Welcome to Leadership Mastery

Wednesday, March 26th, 2008

I live for Leadership Mastery, and I invite you to experience it. But what is it?

Let’s start with mastery itself, and what it is not. Mastery isn’t the pinnacle of excellence. You don’t reach it by being most excellent, in Ted-speak. That will only keep you out of mastery. Mastery is different from excellence not in degree, but in kind. Every master knows this; but nobody else seems to be in on the secret. As Charlie Parker said, “Learn all this stuff (to be excellent) and then forget it (to be a master).”

So what is it? Mastery is when performance increases exponentially, while costs fall dramatically. That bears repeating. In mastery, performance increases exponentially, while costs fall dramatically. It accounts for how the best athletes, performers, artists, sages, and even warriors can blow our minds with what they do, inspire us, and serve as iconic frames of reference, while making it look easy, with grace and style. It is what differentiates the best from the rest, decisively.

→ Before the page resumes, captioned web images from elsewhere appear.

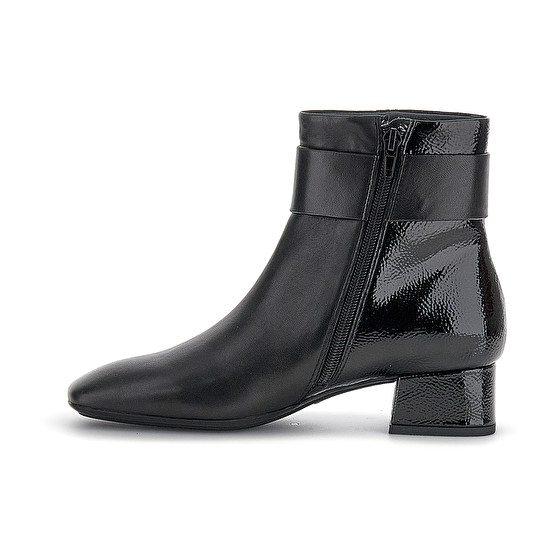 Stonefly LILLY 21 NAPPA LTH Sottocosto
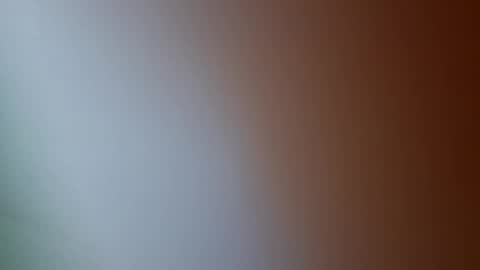 Snapshot of maniak_paraphiliacz chatting on April 2026 05:32:01 PM Jan and Man online show from April 2026 05:32:01 PM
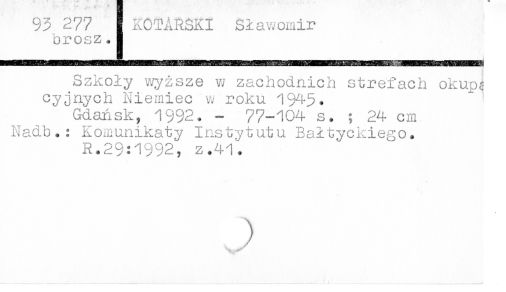 0057-0454.jpg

 But what is Leadership Mastery? This used to be a tough question because, unlike athletes, performers, etc., leaders have not had a vision or path to mastery. So most have been trapped in excellence. The only exception would be if a leader had achieved mastery in another field and translated it somehow to his or her own leadership in an organization. This is extremely rare because most people, if they are masters in a field (for example golf, acting, painting, music, thinking, or inventing) stick to that field; it is their identity.

Like all mastery, Leadership Mastery is defined by exponentially increased performance and dramatically reduced costs. In organizational leadership we see more innovation, alignment, efficiency, sustainability, focus, capacity, integrity, return, growth, and vision, and less struggle for that extra increment of performance, as well as dramatically less of the financial and human costs that characterize the merely excellent organization. The masterful leader aligns more, inspires more, gets it right more often, sees more, creates more, and keeps himself or herself whole in mind, body and spirit in a way that is remarkable to all who observe, follow, or compete with them. They soar high, while appearing relaxed and ready for more. Leaders in Mastery put incremental growth and marginal change, achieved at a high cost, behind them once and for all. And so do their teams, organizations, and partners.

It’s not magic, not a put on. It’s not superhuman. It’s not the result of cutting a deal at the crossroads. But it is rare. And it is teachable and reachable because leaders now have a path to mastery. This blog, my keynote speaking, workshops, and work with clients all focus on doing exactly this. If you are tired of seeing excellent people and organizations pay a high price for incremantal growth and marginal change, you’ve already taken the first step. So welcome!